Although PEL currently owns 16,000,000 common shares of the Company which were purchased by investing C$5.0 million at $0.3125 per common share, representing 8.91% of the issued and outstanding common shares of Dynamic and has the right to appoint a director to the Company’s board of directors so long as it owns at least 5% of the issued and outstanding common shares of the Company, the Debt Refinancing is not a “related party transaction” within the meaning of TSXV Policy 5.9 or NI 61-101 – Protection of holders of minority securities in special transactions (“MI 61-101”).
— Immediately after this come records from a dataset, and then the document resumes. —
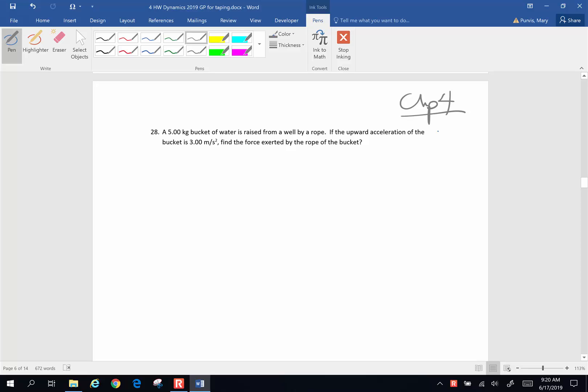A 5-kilogram bucket of water is raised from a well by a rope. If the upward acceleration of the bucket is 3 meters per second squared, find the force exerted by the rope of the bucket.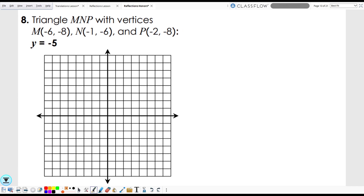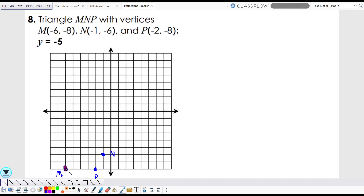I skipped over to a triangle problem because triangles have three points and are easier to work with. Let's look at triangle MNP. M is negative six comma negative eight — one, two, three, four, five, six over, and negative eight down: one, two, three, four, five, six. And P is negative two comma negative eight, right there. Let's connect these vertices.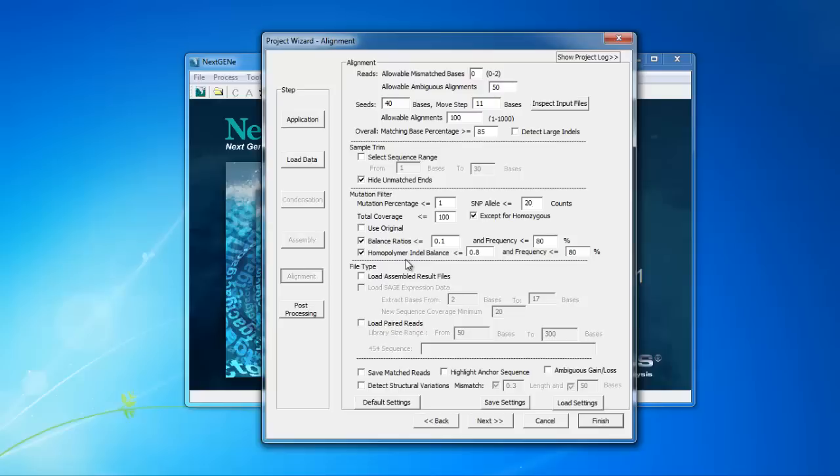The balance ratio setting checks the forward and reverse balance ratio for all variants and removes variants where the ratio is below the set threshold. The frequency setting allows this balance ratio check to be skipped for higher frequency variants.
Debt refinancing is not a “related party transaction” because the Company and PEL entered into a term sheet regarding the debt refinancing and capital subscription of PEL while PEL was an arm’s length third party.
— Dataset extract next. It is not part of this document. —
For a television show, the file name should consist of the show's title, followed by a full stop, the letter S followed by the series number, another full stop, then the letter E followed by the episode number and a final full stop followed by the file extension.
As part of the debt refinancing, the Company also amended the terms of its loan agreements with Export Development Canada.

About Dynamic Technologies Group Inc.

Dynamic is a global leader in the design engineering, production and commissioning of iconic attractions and media ride systems for the global theme park and entertainment destination industry. He also applies these same engineering integration and problem-solving skills for special projects in diverse industries such as alternative energy and large optical telescopes and enclosures. Dynamic also launched an initiative to leverage its world-class theater products and attraction development capability on a joint venture basis. Dynamic’s common shares are listed on the TSX Venture Exchange under the symbol DTG.
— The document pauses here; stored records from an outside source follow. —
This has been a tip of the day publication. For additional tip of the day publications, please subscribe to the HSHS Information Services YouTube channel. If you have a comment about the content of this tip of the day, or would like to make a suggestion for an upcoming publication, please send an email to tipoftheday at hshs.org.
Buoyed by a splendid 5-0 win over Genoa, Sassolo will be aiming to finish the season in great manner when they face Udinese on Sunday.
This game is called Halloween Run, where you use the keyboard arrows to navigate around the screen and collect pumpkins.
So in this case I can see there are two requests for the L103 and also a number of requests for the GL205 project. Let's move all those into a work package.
For more information about the company, visit www.dynamictechgroup.com or contact:

Guy Nelson Francois Allan
Executive Chairman and CEO Vice President – ​​Corporate Affairs and Administration
Phone: (416) 366-7977 Phone: (204) 589-9301
Email: [email protected] Email: [email protected]

Notice to readers
This press release contains forward-looking statements, within the meaning of applicable securities laws, regarding the business and affairs of Dynamic. In some cases, forward-looking statements can be identified by the use of words such as “anticipates”, “anticipates” or “does not expect”, “budget”, “reserved”, “expected”, “positions”, ” estimates”, “plans”, “intends”, “anticipates”, “believes” or variations of these words and expressions or states that certain actions, events or results “could”, “could be”, “could “, “should”, “would”, “could” or “will”, “occur” or “occur”. These statements include statements regarding (i) PEL’s ability to transfer funds to Canada; (ii ) the Company’s belief that it will eventually have access to an aggregate amount of $16 million of senior credit facilities with PEL; and (iii) the Company’s expectation to provide an update regarding the second stage of its financing plan. These statements involve known and unknown risks, uncertainties and other factors that may t cause actual results or events to differ materially from those anticipated in such forward-looking statements. The forward-looking statements contained in this press release assume, among other things, that the conditions for the completion of the financing required to implement its joint venture plan and to correct its working capital deficiency, including regulatory approval, will be satisfied. Although Dynamic believes these statements to be reasonable, no assurance can be given that such expectations will prove to be correct and undue reliance should not be placed on any forward-looking statements included in this press release. Actual results could differ materially from those anticipated in these forward-looking statements due to current economic conditions and other factors, many of which are beyond the Company’s control. The forward-looking statements contained in this press release represent Dynamic’s expectations as of the date hereof and are subject to change after such date. The Company disclaims any intention or obligation to update or revise any forward-looking statement, whether as a result of new information, future events or otherwise, except as required by applicable securities regulations.

Neither the TSX Venture Exchange nor its Regulation Services Provider (as that term is defined in the policies of the TSX Venture Exchange) accepts responsibility for the adequacy or accuracy of this release.